No caso das baterias 100% elétricas, são 400 volts e recarregáveis. A empresa adquiriu uma participação de 19,9% na Argentina Litio y Energía, um passo para garantir o fornecimento de matérias-primas essenciais para a produção das baterias. 

O investimento em território brasileiro (cujo efeito se estende ao mercado latino-americano) faz parte dos mais de €50 bilhões investidos pela Stellantis em eletrificação ao longo da próxima década, com objetivo de se tornar uma empresa com zero emissão de carbono até 2038. 

Mas a chegada da indústria chinesa ao país também acelerou a movimentação de todo o mercado. Com subsídios de produção do governo chinês e preços mais baixos, a BYD, especializada em veículos elétricos, chegou ruidosa ao país, e, ao som dos batuques do Olodum, anunciou sua fábrica na Bahia – onde antes funcionavam as operações da Ford, que saiu do país em 2021.

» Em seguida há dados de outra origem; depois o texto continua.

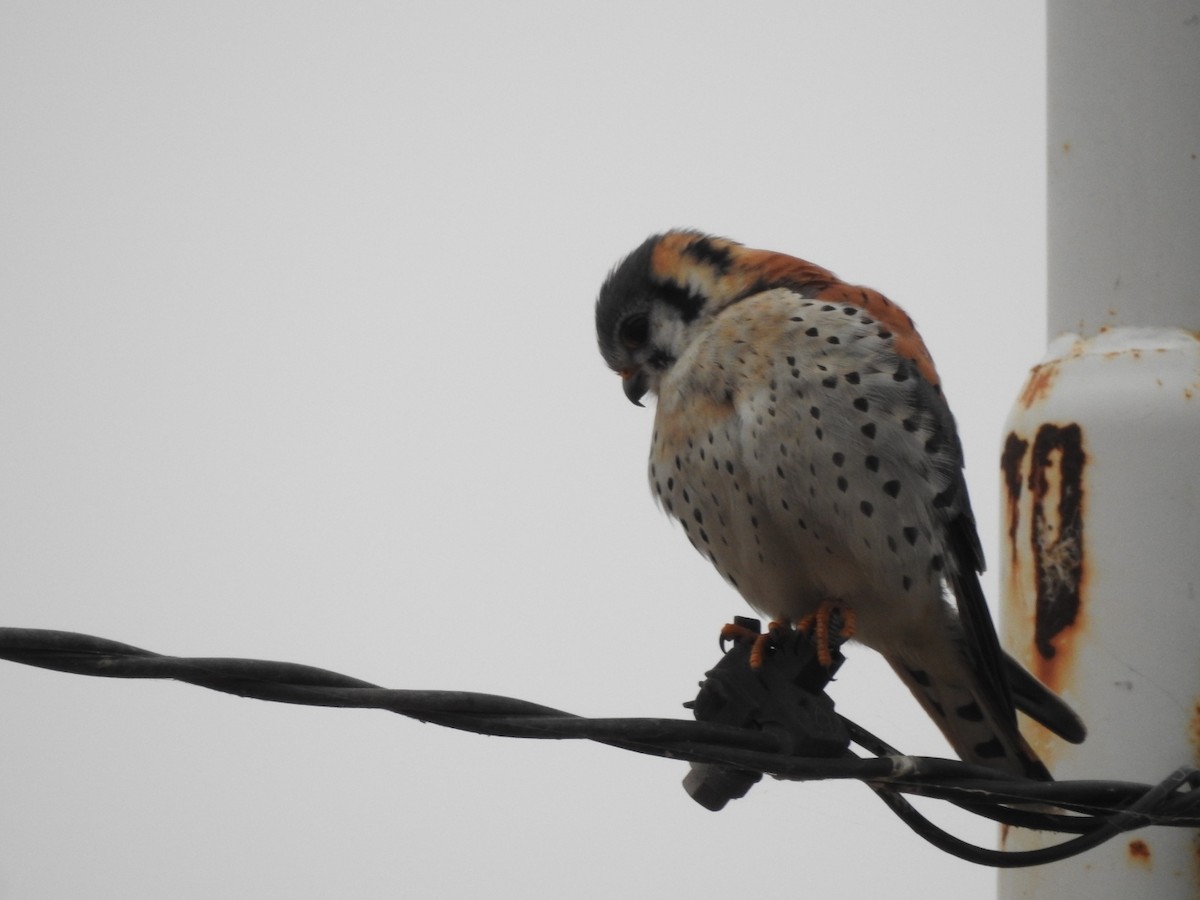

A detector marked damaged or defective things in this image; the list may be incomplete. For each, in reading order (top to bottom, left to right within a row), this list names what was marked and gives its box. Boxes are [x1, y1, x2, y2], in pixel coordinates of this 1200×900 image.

Embora a especialização em veículos 100% elétricos, a chinesa também afirmou que seus investimentos no país devem ser em desenvolver modelos híbridos flex.

Diante da competição mais acirrada, Cappellano reforça que o Brasil e a América Latina são "mercados de contribuição extremamente relevante" para a Stellantis. A empresa tem 23,5% do mercado de toda a região e os 31% de mercado brasileiro, que já foram 33% ainda em 2022. "O grupo Stellantis tem uma presença muito forte e enraizada no Brasil e na América Latina há anos. O grupo acredita muito na região e entende que precisa atender às tendências de consumo. Vamos dimensiionar nossa produção de acordo com o que querem os consumidores e podem pagar."

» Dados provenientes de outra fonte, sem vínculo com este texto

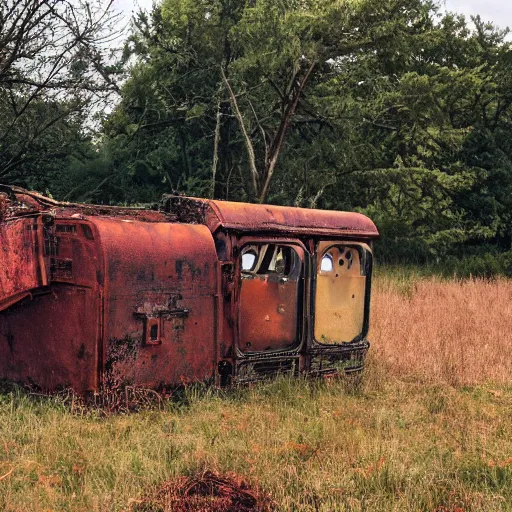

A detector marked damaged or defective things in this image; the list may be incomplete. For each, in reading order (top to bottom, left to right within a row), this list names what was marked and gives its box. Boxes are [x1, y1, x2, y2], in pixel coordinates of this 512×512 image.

rusted train car [0, 186, 378, 394]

A matriz energética mais limpa, com alta capacidade de oferta de biocombustíveis, e ao baixo poder de compra do brasileiro para deixar o país atrás na corrida da eletrificação da mobilidade. Atualmente, só 5% das vendas de carros novos no Brasil são de elétricos, contra 16% dos Estados Unidos e 29% da China. No Reino Unido, eles já são maioria entre os carros novos: 56% das vendas.

Esse retrato ajuda a explicar os preços ainda elevados – especialmente quando os modelos movidos à combustão, esmagadora maioria, também se valorizaram fortemente: hoje o modelo zero quilômetro do carro popular mais barato, o Fiat Mobi Like 1.0, custa mais de R$ 70 mil. 

Mas a nacionalização da produção dos elétricos deve impulsionar essa categoria, acredita Cappellano. “Hoje a questão de preço é estrutural, mas depende muito de introduzir novas tecnologias que atendam ao ambiente regulatório. Um dos pontos de força é a capacidade de desenvolver carros locais, nacionalizar tecnologias.”  

A visão está em concordância com analistas do Bradesco BBI. Segundo o banco, o ganho de escala e uma acentuada queda no preço das baterias também devem ajudar a reduzir os preços finais e levar os carros elétricos e híbridos a 35% das vendas totais no Brasil até 2030. É no que aposta (alto) a Stellantis.